“There’s a legend, they say, about the priest’s house.”
The scarecrow man stood alone, against the brick wall of the funeral home—not alone, no, for the black kitten laid contentedly on the edge, by his head. Ivy sprouted from the base of the wall and spindled its way along it, in columns of green leaves that looped around each other in a circular fashion. The man leant his head forward, tipping his broad-brimmed, frayed, black hat forward; in his left hand, he held his corn-cob pipe that smoked silently.
“There’s a legend that his brother died, one day, by suicide. Yes, they say that he shot himself in the head with a shotgun, twelve years ago, at the age of eleven. Their parents—both the priest’s and his brother’s, of course—were in the middle of a separation, at the time. They say his brother was quite upset about it; he was older than the priest.”
The slow breathing of the kitten escaped from his pink nose in tiny sighs, then it grew louder so Frost, the cat, stretched his legs out and turned over. His fur was matted with dirt and grim from the wall’s concrete edge. The speaker paused, tapped his pipe to dump the ashes, put it in his mouth and sucked twice, letting the smoke leak out of the corners of his tight-lipped mouth and from out of his hairy nostrils. Not far in the distance, Juan was hefting a plastic trash-bag toward the dumpster behind the house of the dead.
“They say, and I don’t know how true this part is, that the very owner of this here place of business was sleeping over on the night it happened. They were friends, then, from school or something or another.

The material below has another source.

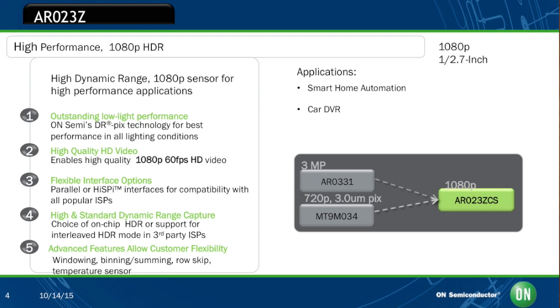The AR023Z sensor is a third-inch device with 105 dB dynamic range. It supports high dynamic range video with improved motion compensation, advanced local tone mapping, and digital lateral overflow to minimize motion artifacts and enhance HDR color reproduction. The AR023Z uses a dual conversion gain 3-micron pixel. It essentially has two modes: a low conversion gain mode optimized to offer greater charge handling capacity in bright environments, and a high conversion gain mode which delivers increased sensitivity and reduced readout noise in low-light environments.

On a cold, foggy morning the entire priest’s house was woken up by his screams, as he discovered that the brother had shot himself, first. He was sleeping in the same room, but didn’t wake up from the actual shots, they say.”
The sky was littered with looming, puff-ball, cumulus clouds that were dark on the bottom with potential rain, sleet, or snow; the sun was dimmer than usual, a dull orange ball in the sky. A few stars and the brighter planets—Mars, Venus—were already visible. A breeze was picking up, bending the scarecrow man’s hat somewhat and tumbling dead leaves across the cemetery. Little Jack Frost, the cat by his full name, rolled over again and opened one eye to stare at the strange, talking man; for his part, he blew out his breath—along with a ring of smoke—and chuckled hoarsely.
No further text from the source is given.